In mid-2002 government lawyers began crafting even bolder interpretations of anti-torture laws. A Justice Department memo in August advised the CIA that torturing al-Qaeda terrorists abroad "may be justified," the Washington Post reported last week. In December, Rumsfeld approved a list of 17 interrogation tactics for Guantanamo, including sleep deprivation and "stress" positions. Amid concerns that the tactics violated international law, Rumsfeld withdrew the list a month later and asked for a policy review. He issued a new list in April 2003 that is still in use. According to a former Pentagon official who worked on the review, the final list of approved techniques is less harsh than the original recommendations.

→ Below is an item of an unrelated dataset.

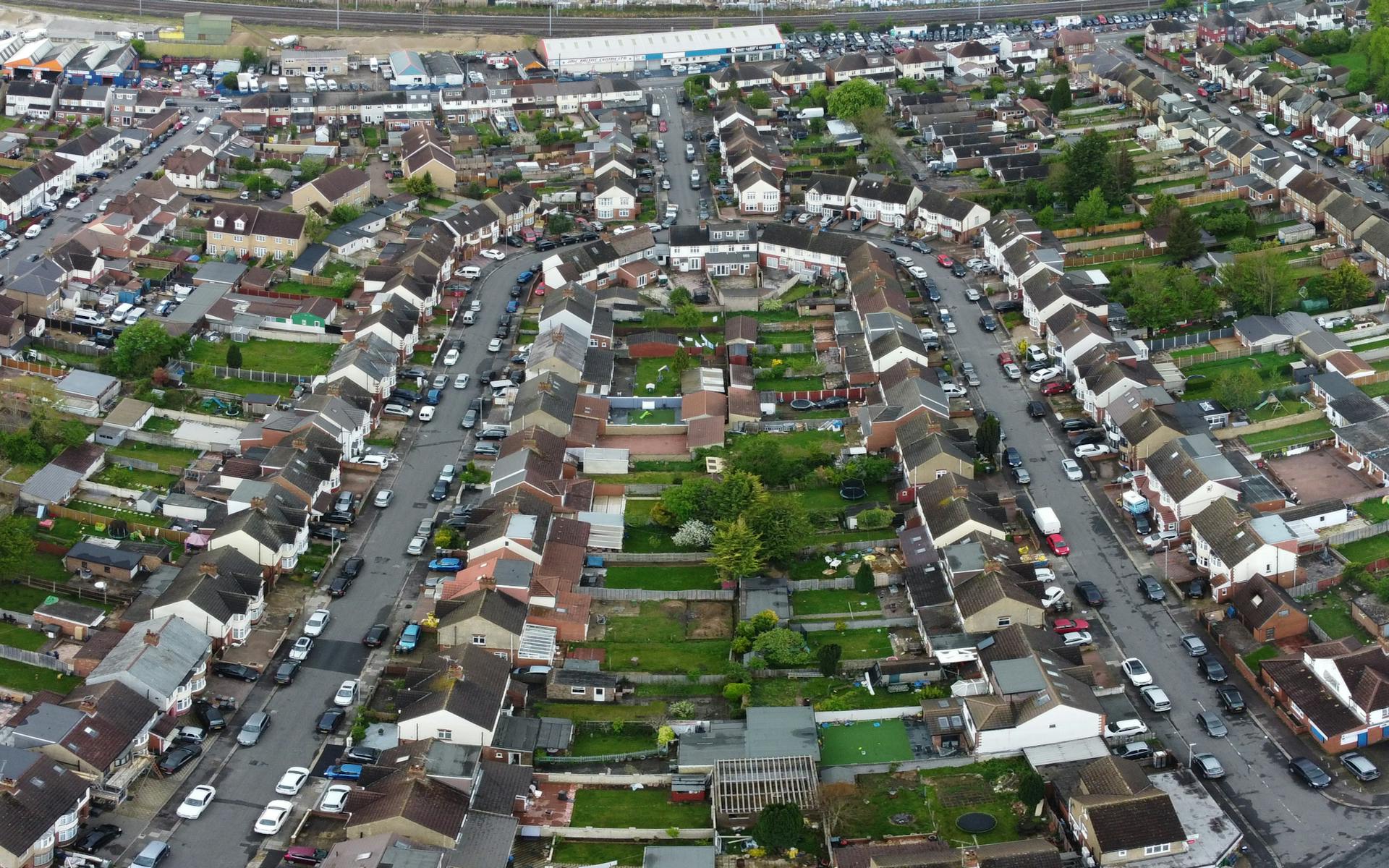 An aerial shot capturing the layout of suburban houses and streets in Luton, showcasing a residential neighborhood.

After the invasion of Iraq, rules governing interrogation of prisoners broke down as untrained soldiers tried to cope with thousands of detainees and the military blurred distinctions between resistance fighters and terrorists. A senior Pentagon official says the rules for interrogation in Iraq were "more aggressive than the ones at Guantanamo." Stress positions, sleep deprivation, the use of dogs to intimidate detainees--all violations of Geneva--were allowed in Iraq, though they had not been used at Guantanamo. At Abu Ghraib, detainees wore plastic bracelets printed with their ID number and the word terrorist, the Wall Street Journal reported.
As the Administration expanded the definition of terrorist, it contemplated ways to skirt long-observed prohibitions against torture. A March 2003 draft of a Defense Department report, leaked to the Wall Street Journal last week, argued that the President had the authority to approve almost any physical or psychological tactic, including torture, in the name of national security. Though Administration officials say they never authorized the use of torture, some members of Congress are furious that the U.S. even looked for ways to justify it. "It's just incredible," Republican Senator John McCain told TIME. "Why doesn't every nation in the world now have a green light to do everything it thinks is necessary to combat a 'terrorist threat'?"